Читать книгу Le chat de misère - Remy de Gourmont - Страница 14

LE FLEUVE DE LAIT

Оглавление

J'aime beaucoup à m'arrêter un instant devant les faits qui montrent clairement la solidarité de toute la nature, des nuages et de l'herbe, de l'homme et des saisons. Un peu de pluie en excès, un peu de chaleur de trop et on s'aperçoit aussitôt avec quelle étroitesse l'homme dépend de la terre. Ses inventions, ses conquêtes ne sont rien si, au cours d'une année, le soleil a brillé vingt ou trente jours de plus que d'habitude.
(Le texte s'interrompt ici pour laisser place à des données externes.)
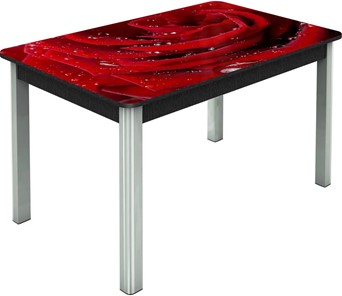 Обеденный раздвижной стол Гамбург исп. Мини, ноги метал. крашеные №23, Фотопечать (Цветы №39) в Симферополе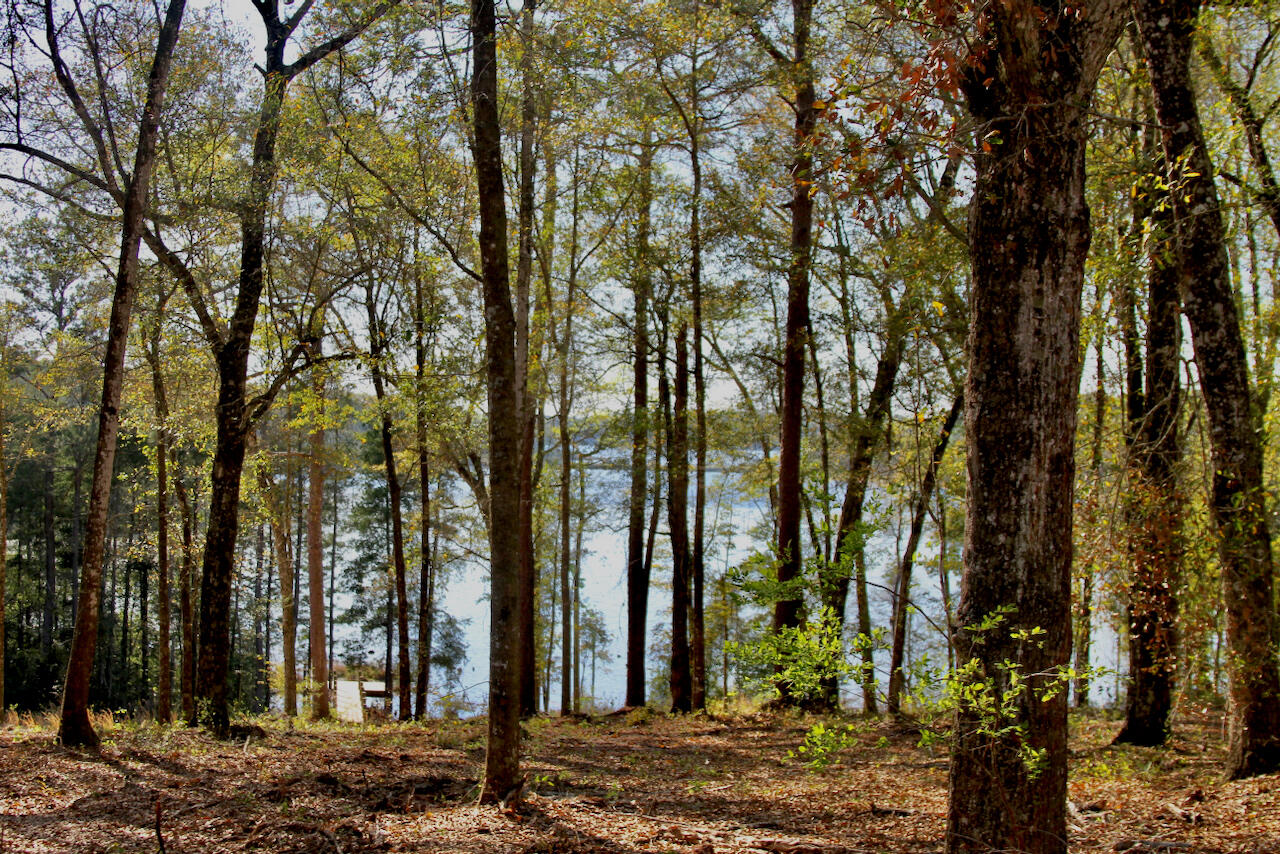 Seacoast Estates - Residential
Il peut construire des machines volantes et les diriger à peu près, il ne peut créer un verre de lait. Le lait coule des nuages avant de jaillir au pis de la vache. Sans nuages, pas de pluie; sans pluie, pas d'herbe; sans herbe, pas de lait. Les plantes sont ingénieuses à extraire de la terre la plus desséchée l'eau dont elles se nourrissent, mais la volonté des racines a des limites au delà desquelles vient la résignation au destin, puis la mort. Et quand l'herbe meurt, les enfants meurent aussi, car ils se nourrissent de lait, que leur mère, trop civilisée, ne peut pas toujours leur fournir. C'est tout ce qui n'est pas civilisé qui maintient d'abord la vie, c'est l'eau, c'est l'herbe, ce sont les animaux. Le fondement de tout est tout ce que nous méprisons. Nous croyons que le génie naît de la civilisation. Elle le cultive seulement et encore c'est la nature seule qui lui fournit les éléments de cette culture, et nous ne sommes jamais que son humble collaboratrice. Tout ce qui nous fait vivre est né d'un peu d'argile détrempé d'un peu d'eau; le fleuve de lait qui menace de tarir n'a pas d'autre origine. C'était à peine un mythe que l'histoire de la première fabrication de l'homme. La vie naquit le jour où la première goutte d'eau tomba sur le sable qui l'attendait.